23 Jul Close Encounters Under the Stars
How do you pick a wine to stand up to the performance of the L.A. Philharmonic conducted by John Williams, one of America’s premier composers, in a compendium of his accumulated works? What other modern day composer has touched the lives of so many people in so many ways? Williams is a master of the symphony in the likeness of Mozart and unmatched in creating auditory imagery for today’s cinema greats.
John Williams has created the scores to such major motion picture hits as “Star Wars” (all 6 movies), “Close Encounters of the third Kind,” “Jaws,” “Raiders of the Lost Ark,” “E.T. The Extraterrestrial,” “Schindler’s List,” and “Saving Private Ryan.” He picked themes from all of these great films to play on this beautiful cool September 2nd evening, at the Hollywood Bowl. Williams included a few works from some other famous contemporary film composers. Given this powerful line up to be presented by the master himself, I was faced with a real dilemma in choosing a wine to go with this magnificent performance.
I dug into my wine cellar and finally decided upon a 1984 Simi Sonoma County Cabernet Sauvignon. This wine had been with me for quite a while, as you might imagine. Surviving several moves, a divorce, heat, drought, riots, floods, fires, you name it. This wine had survived the test of time. I thought it might be able to stand up to another time tested master in Williams … I was not disappointed!
The maestro opened the concert with Liberty Fanfare, a 1986 composition in commemoration of the 100th anniversary of the Statue of Liberty. At this point the wine was breathing for the first time in nineteen years, so I let it enjoy the air. Several excerpts from “Close Encounters” followed, enhanced by the other-worldly design of the Hollywood Bowl itself and some very sophisticated lighting effects. At this point, the Cabernet was in the glass and on the tongue, and exploding in its own symphony of taste reminiscent of some older French Burgundy masterpieces. Age mellowed tannins, hints of violets, cedar, and blackcurrants mixed in a joyous celebration on the palate in concert with the strings, dancing in my ears. The smell of grapes on the vine enhanced the experience of Williams’ use of the strings and French horns through such compositions as “War of the Worlds,” Jerry Goldsmith’s them from “Star Trek” the Motion Picture, David Raskin’s “Laura” (with a stunning violin solo from Bing Wang), Elmer Bernstein’s them from “The Magnificent Seven,” and Miks Rsa’s “Parade of the Charioteers” from “Ben Hur” (and yes, I was thinking of Italian vintages at that point). We’d finally made it to intermission!
After the break, Williams brought his best stuff with him, including the Cal State Fullerton University Singers, a full 85 person choir filling the back of the stage. And my 1984 Simi was up to task, becoming even more flavorful with the exposure to life-giving oxygen.
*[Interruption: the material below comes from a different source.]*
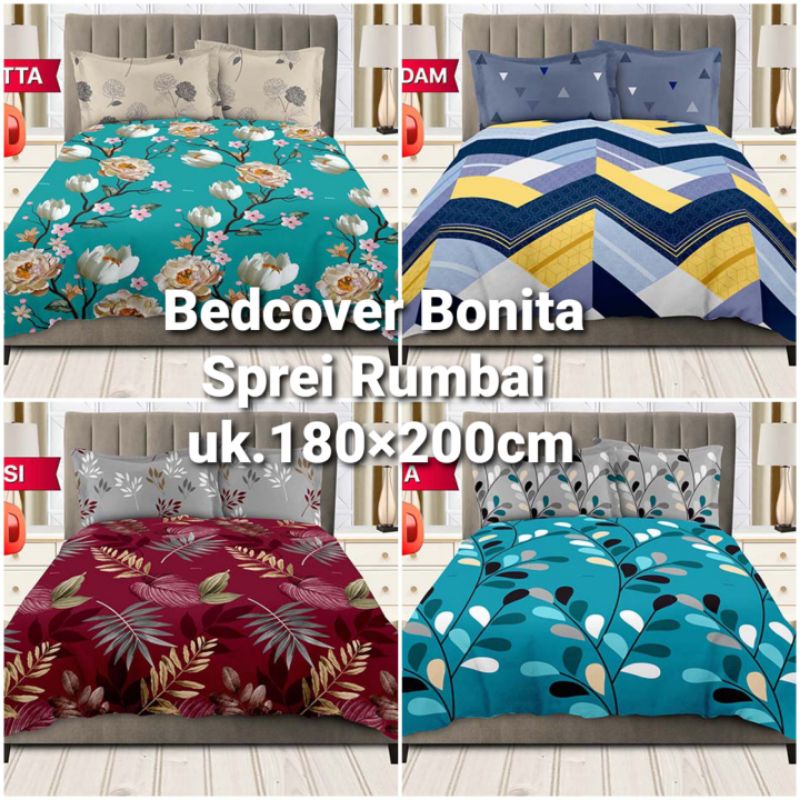 Detail Gambar Bedcover Bonita Nomer 40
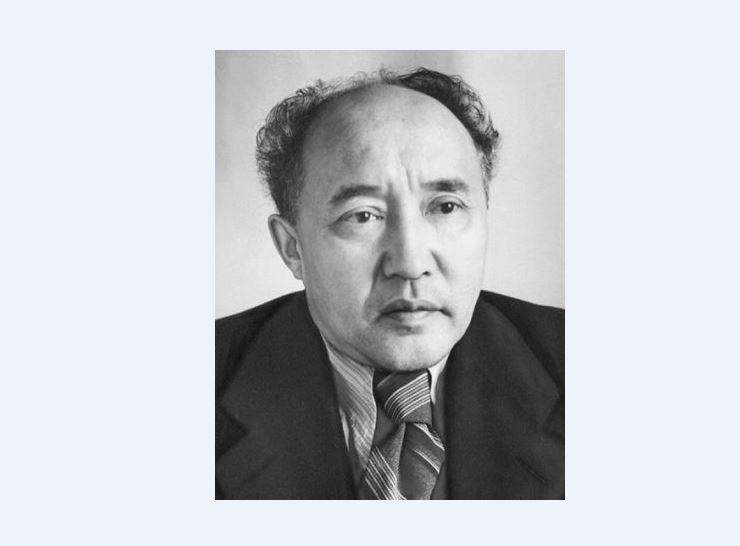 Basylym basshylary - Muhtar ÁÝEZOV (11.1921-12-1921)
We heard selections from “Far and Away” and “Amistad,” both of which evoked images of the wide open skies and countryside of two very different parts of planet Earth. Bing Wang again treated us to a haunting violin solo for the theme to “Schindler’s List” and the Cabernet was right there with her, its clean finish in harmony with her last, high note. Williams closed the concert with three pieces from the famed “Star Wars” films, building in the choir for the last piece from the first episode, “Duel of the Fates.”
But like this venerable wine, Williams was not quite done. In response to the standing ovation from the totally enthusiastic crowd (which included a few light-saber wielders), he came out to play his very best. We were treated to the theme from “Raiders of the Lost Ark” (which had the crowd on its feet), the title theme from “Star Wars” (now they were cheering), and finally the theme from the greatest selling movie of all time: “E.T. The Extraterrestrial.” The crowd, and the bottle, were spent. Master composer and masterful wine, encountered together in an evening to remember.